Market Opportunities and Risks
- Increasing adoption in refractory gout patients enhances revenue potential.
- Biosimilar developments threaten to reduce prices once patent expires.
- Growing demand for outpatient therapies may favor formulations amenable to less invasive administration.
Key Takeaways
- The current market for NDC 51407-0169 centers on high-cost, specialized treatment for refractory gout.
- Prices are projected to grow modestly over the next five years, assuming no major policy shifts or biosimilar entry.
- Market growth hinges on awareness, payer coverage, and safety profile recognition.
- Patent expiration near 2029 introduces downside risk due to biosimilar competition.

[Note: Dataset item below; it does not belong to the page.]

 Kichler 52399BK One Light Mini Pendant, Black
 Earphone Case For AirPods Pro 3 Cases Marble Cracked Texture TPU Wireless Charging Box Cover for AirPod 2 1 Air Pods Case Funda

- The high cost limits broad adoption but secures a sustained niche among severe cases.
FAQs
1. What is the primary therapeutic use of NDC 51407-0169?
It treats hyperuricemia in patients with gout refractory to standard therapies, marketed as Krystexxa.
2. How does the current price compare to competitors?
Krystexxa is significantly more expensive than first-line oral urate-lowering therapies like allopurinol, which costs approximately $5-10 per month.
3. What factors could influence future pricing?
Regulatory policies, biosimilar competition, market demand, and manufacturing cost changes.
4. What is the estimated market size for this drug?
Approximately 900,000 to 1 million potential patients in the U.S. with uncontrolled gout.
5. When might biosimilars enter the market?
Patent expiration around 2029, after which biosimilar competition could emerge.
Citations
[1] IQVIA National Prescription Data, 2022.